Sunday 31 August 2014

Acara Permak Kasur di Hari Minggu

Hari Minggu yang cerah,
pukul delapan pagi,
seluruh bantal mejeng di teras. Sun Bathing.

Lalu di pintu pagar, masuklah sebuah motor bebek. Itu Mas Kasur yang kupesan datang pagi-pagi sudah tiba.
Dengan segera, setelah menggelar tikar dan menambahnya dengan potongan kardus, di ruang bawah rumah kami, Mas Kasur duduk menghadapi tiga buah kasur yang kupesan untuk dibuat jadi satu kasur, ukuran King.

Pret Pret Pret. Gunting menggesek kain kasur yang nampak robek dengan mudah. Kapuk terburai, serpihnya melayang ke mana-mana. "Jangan menjemur pakaian dulu, Bu." Pesan Mas Kasur sebelum bekerja tadi.

Saya ke atas memesan teh manis untuk Mas Kasur pada tante. Memindahkan kue-kue dari kaleng Khong Guan ke dalam toples. Lalu turun lagi dengan bantal-bantal tua.

"Mas, nanti ini juga diservis, ya Mas," Pesanku.

Anak-anak yang turun untuk main di halaman kuhalau kembali ke rumah. Debu kapuk sudah mengelilingi kami. Lalu mas kasur istirahat sejenak minum teh, sambil melanjut pekerjaan kami ngobrol.


Seorang anak bermain panjat kasur, satu pagi di musim dingin, di wilayah Broklyn Park, ADL.



Ngalor ngidul. Mulanya, saya bercerita tentang lokasi transmigrasi. Tentang sebuah kota kecil bernama Wonomulyo, di Sulawesi Barat. Tentang keuletan teman-teman saya yang orang Jawa dalam mencari rezeki. Lalu saya pun tahu bahwa, Mas Kasur ini ternyata sudah 15 tahun di Makassar.

Ia menceritakan hidupnya dengan gembira walaupun jika kusadari lebih jauh, pastilah berat hidup seperti Mas Kasur, terpisah jauh dari keluarga. Keluarganya diSragen, istri dan kedua puterinya.
Putrinya yang tertua, sudah masuk pesantren setingkat SMP, di sana belajar kitab kuning. Putrinya yang kedua, mau masuk SD. Sambil merawat putrinya itu, sang istri kadang bekerja sebagai buruh tani.

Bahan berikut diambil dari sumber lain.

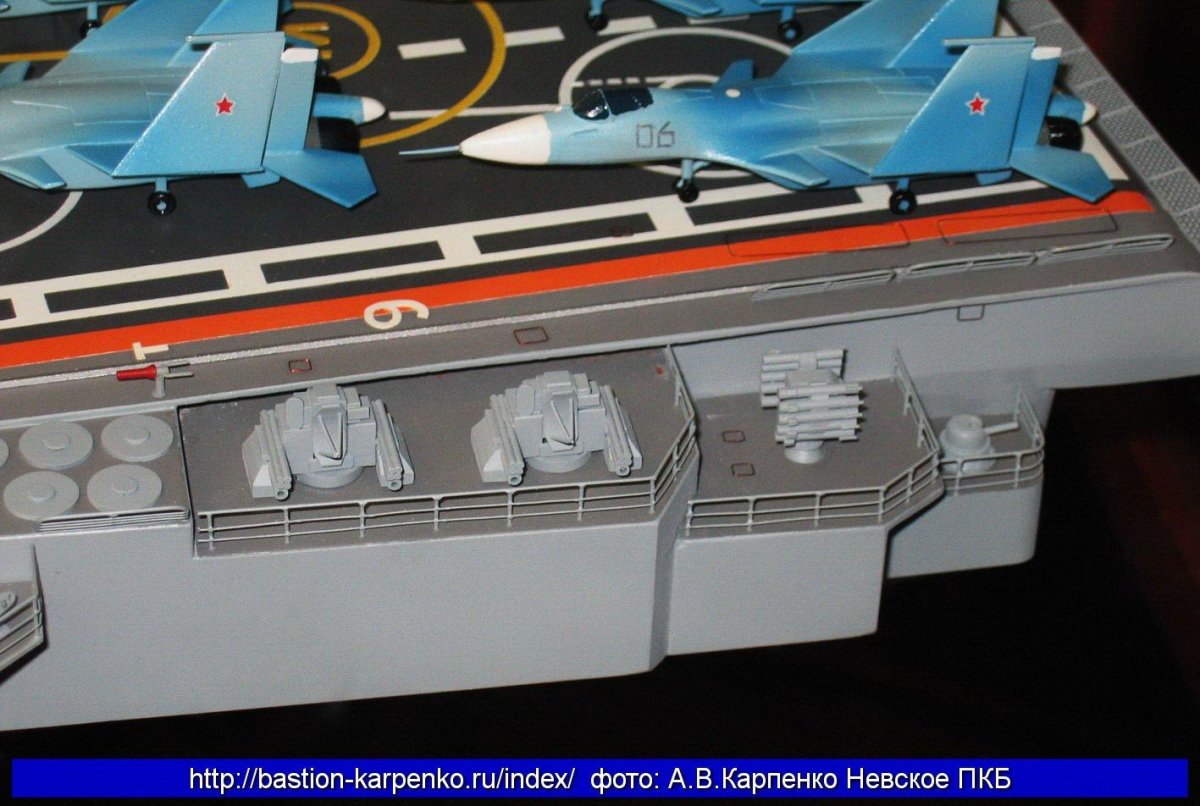 Авианосец Варан проект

 Keluarga kecilnya itu belum pernah ikut ke Makassar, kecuali sang istri yang sempat datang ke Makassar. Mas Kasur baru semingguan tiba di Makassar, barusan mudik dari Jawa. Katanya, ke sana naik kapal sampai Surabaya, lalu naik bus 8 jam-an ke Sragen. Sragen Asri, kata bapaknya anak-anak yang nimbrung, ikut menambahi.

Mas Kasur, bekerja dengan gembira. Ia biasa beredar setiap hari mencari pelanggan hingga ke daerah Pakkatto', Gowa. Itu jarak yang cukup jauh dari kost-an-nya di Karuwisi. Tak lama setelah merampungkan permak kasur seharga 270 ribu rupiah, dan membuat bantal 8 biji seharga total 160 ribu, ia pamit mau ke SMA 10, sekitar Bapelkes AQntang Makassar karena mau bekerja lagi di sana.

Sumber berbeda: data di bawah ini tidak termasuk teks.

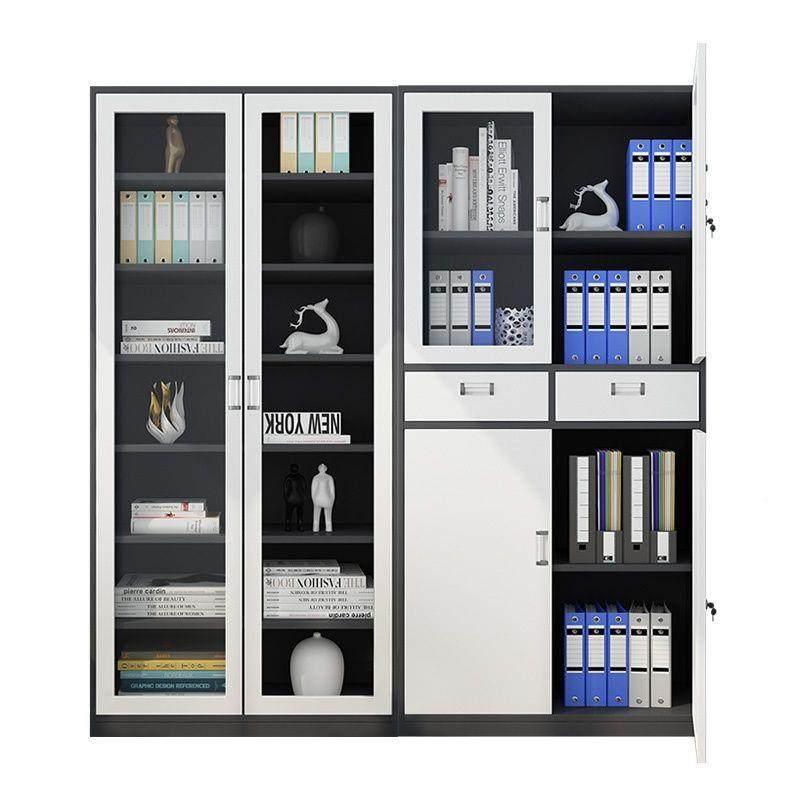 钢制文件柜公加厚套色资料档案铁务室柜财凭XGK证柜收纳带锁矮办,商业/办公家具,办公储物柜,淘宝优惠券,粉丝福利购,淘宝优惠卷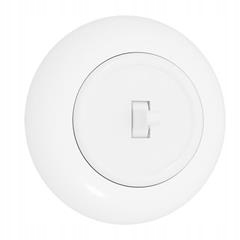 

Włącznik pojedynczy schodowy biały połysk Loft Prl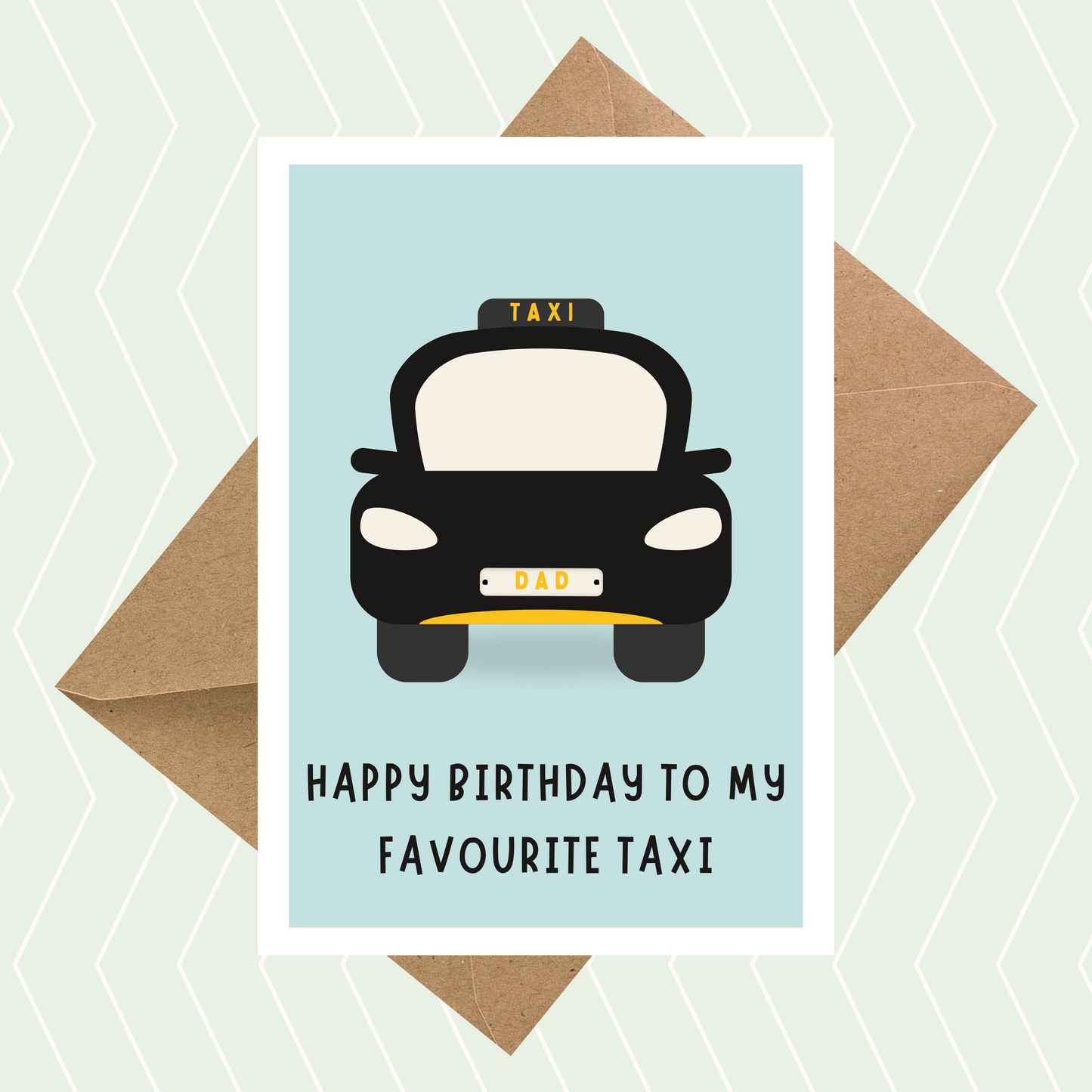 Happy Birthday Taxi Dad Card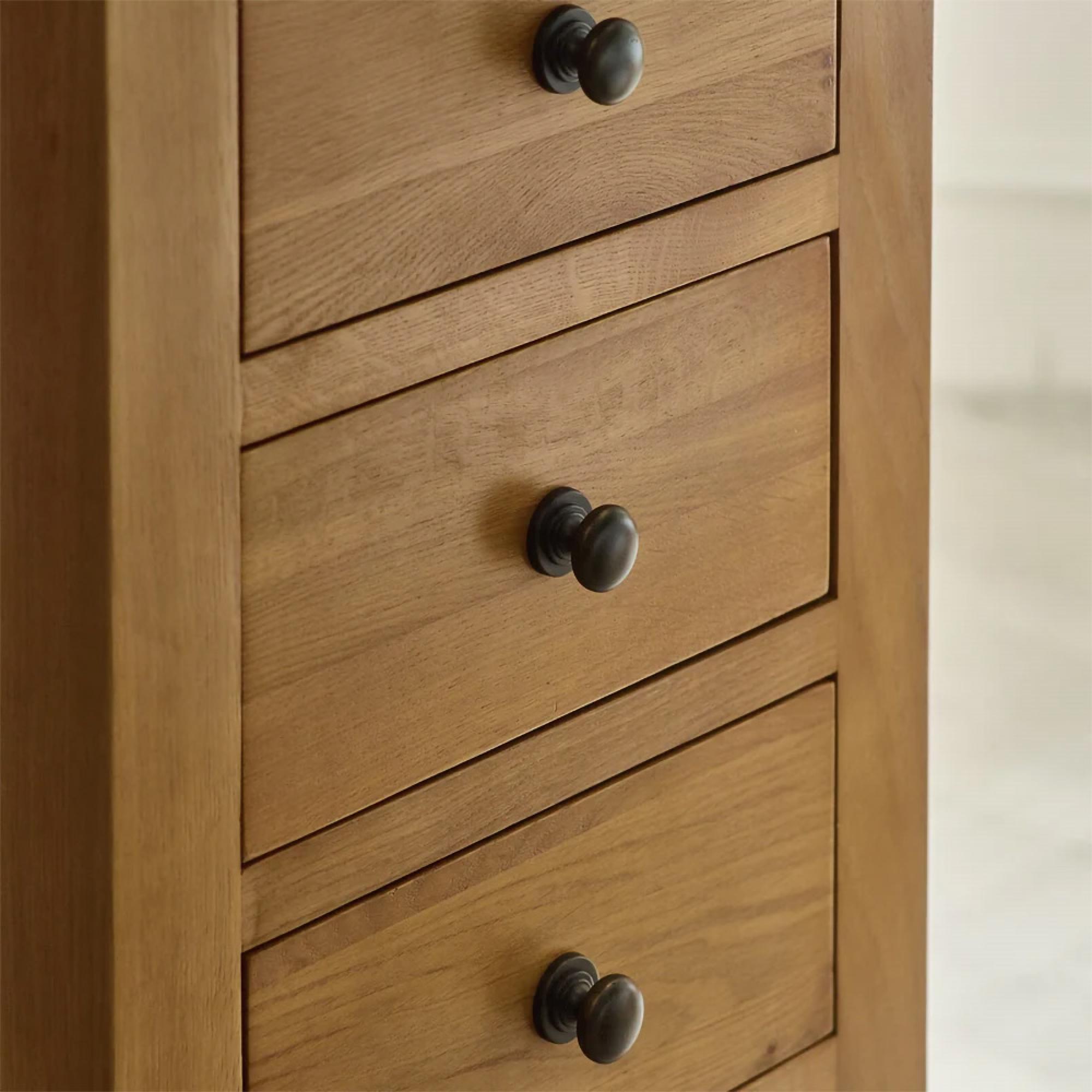 Marlborough Chest of Drawers - 7 Drawer - Tall - Oak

Ia menyelesaikan pekerjaan itu sekitar 2 jam. Ketika pamit, kami meminta nomor teleponnya. Mana tau besok ada kasur mau dipermak, atau ada teman menanyakan servis kasur pula.

Lalu kami tanya namanya. "Tulis saja mas kasur, pak" Katanya pada suamiku.
"Kalo boleh namanya juga, pak, biar lebih kenal. Nanti ada mas kasur lain."Kata suamiku.

"O iya, ini ditulis saja Mas Warto. Namanya Jawa sekali toh. Pokoknya kalo nama orang jawa itu ada bunyi to, no, yem..."

O iya lah. Senang berkenalan denganmu mas Warto. Mudah-mudahan selalu dimurahkan rejeki oleh Allah SWT sehigga bisa sering-sering kunjungi keluarga di Jawa. Amin.